_WHAT TO WORK ON_
Pictures in the data should be dropped; transcribe exactly the lines from the one that has "Rumah 2 Lantai" through the one that has "Leckhampton Wohnung |".

_GIVEN DATA_
________________________
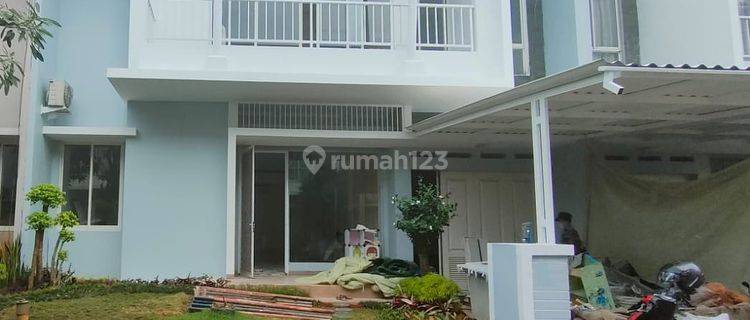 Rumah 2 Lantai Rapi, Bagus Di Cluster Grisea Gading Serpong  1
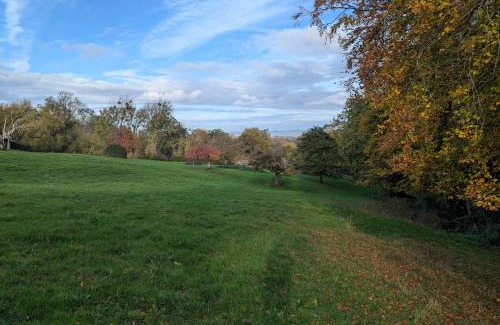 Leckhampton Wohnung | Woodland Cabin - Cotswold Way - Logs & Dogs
________________________
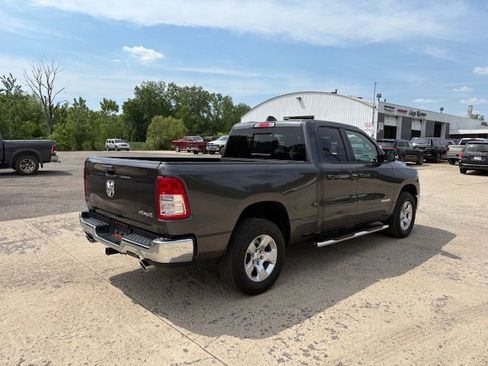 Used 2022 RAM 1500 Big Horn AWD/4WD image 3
________________________
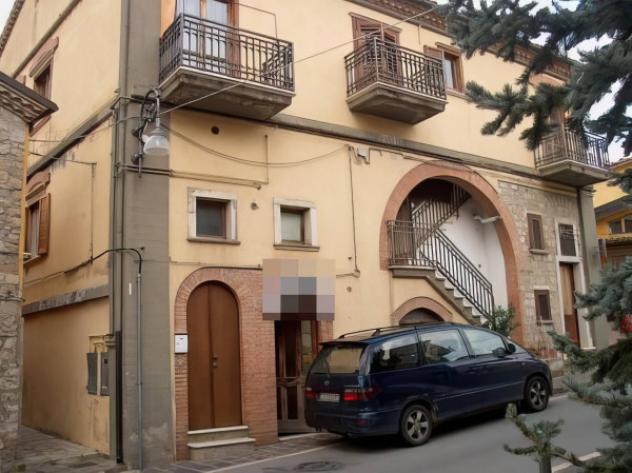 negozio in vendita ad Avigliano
________________________
_RESPONSE TO THE EXERCISE_
 Rumah 2 Lantai Rapi, Bagus Di Cluster Grisea Gading Serpong  1
 Leckhampton Wohnung | Woodland Cabin - Cotswold Way - Logs & Dogs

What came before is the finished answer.